Skip to content

Recipe 6: A Build System That Scales to 100 Cores in 200 Milliseconds

Situation

You have a build (or test) workload that is embarrassingly parallel:

  • compile units
  • code generation
  • lint / formatting
  • test shards

Traditional “burst capacity” approaches (VMs, containers, k8s) have non-trivial startup and teardown:

  • Seconds to minutes of overhead.
  • A cleanup problem when coordinators die mid-run.

In a lease-based system, you want:

  • acquire CPU capacity quickly
  • run work in a sandbox
  • return all resources automatically on drop or TTL expiry

The goal: make the “build farm” a transient resource graph rather than a fleet.

What You Build

A coordinator that:

  1. Leases CPU resources across multiple nodes (short TTL).
  2. Dispatches compilation/test work as WASM tasklets with fuel limits.
  3. Writes intermediate artifacts (object files, test logs) to leased block storage.
  4. Drops all leases at the end, leaving no cleanup tail.

Building Blocks

  • grafos_std::cpu::CpuBuilder and CpuLease
  • WASM tasklets (the payload you submit)
  • grafos_std::block::BlockBuilder for shared artifact storage
  • grafos_jobs::{JobCoordinator, RetryPolicy} for idempotent retry and dispatch — source
  • grafos_leasekit::RenewalManager for CPU lease renewal — source
  • grafos_observe for measuring lease churn and throughput

See:

Design

Work Decomposition

You need deterministic chunking:

  • For compilation: per-crate or per-module units.
  • For tests: shard list of tests by hash.

Each chunk must be:

  • idempotent (safe to retry)
  • bounded in time (fuel / TTL)

Isolation Model

Each task runs as WASM:

  • fuel-limited to bound CPU usage
  • bounded output size

This gives you container-like isolation without a container runtime.

Artifact Storage

Intermediate artifacts must outlive any single worker:

  • store in block leases
  • coordinator can read them back and link/aggregate

In more advanced designs, you might use a content-addressed store. For the recipe, a simple “object file per chunk” layout works.

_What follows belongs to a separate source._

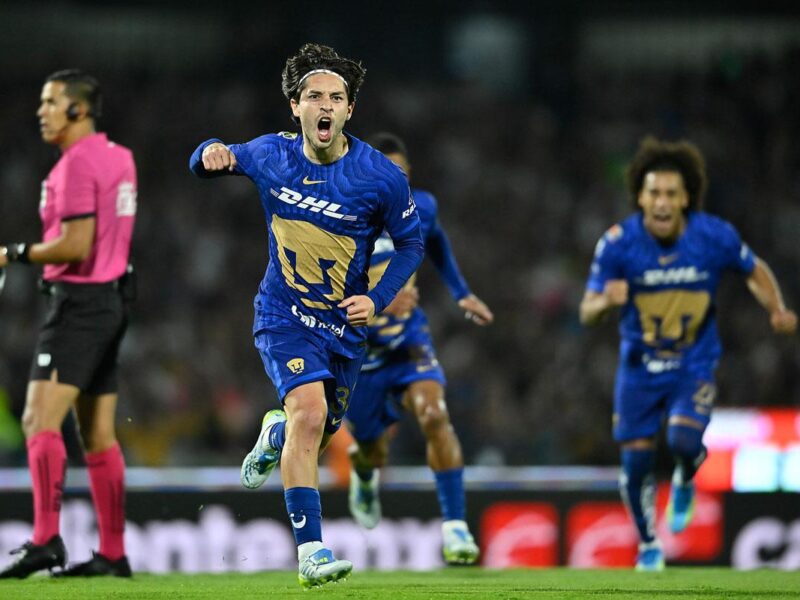 ¡Pumas está en la Final del Clausura 2026 al vencer a Pachuca!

Walkthrough (Implementation Sketch)

1. Coordinator Acquires CPU Leases

use grafos_std::cpu::CpuBuilder;
let mut workers = Vec::new();
for _ in 0..50 {
let lease = CpuBuilder::new().cores(2).lease_secs(120).acquire()?;
workers.push(lease);
}

You now have 100 cores worth of leased capacity, but you do not have a fleet to manage. You have 50 lease handles.

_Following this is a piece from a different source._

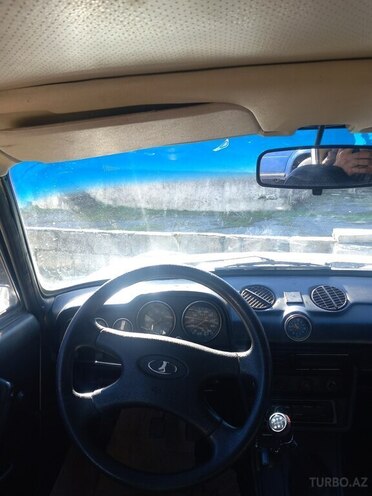 LADA (VAZ) 2106 1988, 98,000 km - 1.5 l - Astara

2. Coordinator Acquires Block Lease for Artifacts

use grafos_std::block::BlockBuilder;
let artifacts = BlockBuilder::new().min_blocks(4096).lease_secs(600).acquire()?;

3. Dispatch Work as Tasklets

Each worker launches a WASM tasklet:

let result = workers[i].cpu()
.submit(tasklet_wasm_bytes)
.fuel(5_000_000)
.input(chunk_descriptor_bytes)
.launch()?;

The tasklet writes its output to block storage (or returns it in the output buffer, if small).

4. Retry and Failure Handling

Use JobCoordinator with a RetryPolicy to handle worker failures declaratively:

use grafos_jobs::{JobCoordinator, RetryPolicy, Backoff};
let policy = RetryPolicy::default()
.with_max_retries(3)
.with_backoff(Backoff::exponential(100, 5000));
let mut coordinator = JobCoordinator::new(policy);
let result = coordinator.run(
chunks, // work items
artifacts, // shared block store for outputs
|chunk, store| { // exec_fn: run one chunk
let lease = CpuBuilder::new().cores(2).lease_secs(120).acquire()?;
let r = lease.cpu().submit(tasklet_wasm_bytes).fuel(5_000_000)
.input(chunk).launch()?;
store.write(chunk.id, &r.output)?;
Ok(r)
},
|results| { // agg_fn: combine outputs
Ok(results)
},
)?;

JobCoordinator retries failed chunks with exponential backoff. If a worker lease expires or disconnects, the chunk is resubmitted on a new lease automatically.

5. Lease Renewal

For long-running builds, use RenewalManager to keep CPU leases alive:

use grafos_leasekit::RenewalManager;
let mut renewals = RenewalManager::new();
for (i, worker) in workers.iter().enumerate() {
renewals.register(i as u64, worker.expiry(), Default::default());
}
// In your event loop:
let summary = renewals.tick(now);
// summary tells you which leases were renewed and which failed.

6. Teardown

When done:

  • drop CPU leases
  • drop the artifact lease (or keep it if you want cache/reuse)

If the coordinator crashes, TTL expiry tears down leases automatically.

Failure Modes

  • FabricError::Disconnected: worker node unreachable; retry elsewhere.
  • FabricError::LeaseExpired: TTL hit; this is a bug if common; increase TTL or renew earlier.
  • Output too large: enforce max_output and store outputs in block storage.

Observability

Track:

  • cpu_leases_active
  • tasklets_launched_total
  • tasklet_duration_ms histogram
  • artifact_bytes_written
  • retries_total

The “wow” metric is: lease count returns to zero immediately after job completion.

Variations

  • Warm pool: keep a few CPU leases alive for near-zero-latency bursts.
  • Cache: store compilation outputs in block storage keyed by hash.
  • Heterogeneous workers: pick nodes with AVX512 / big cores for heavy chunks.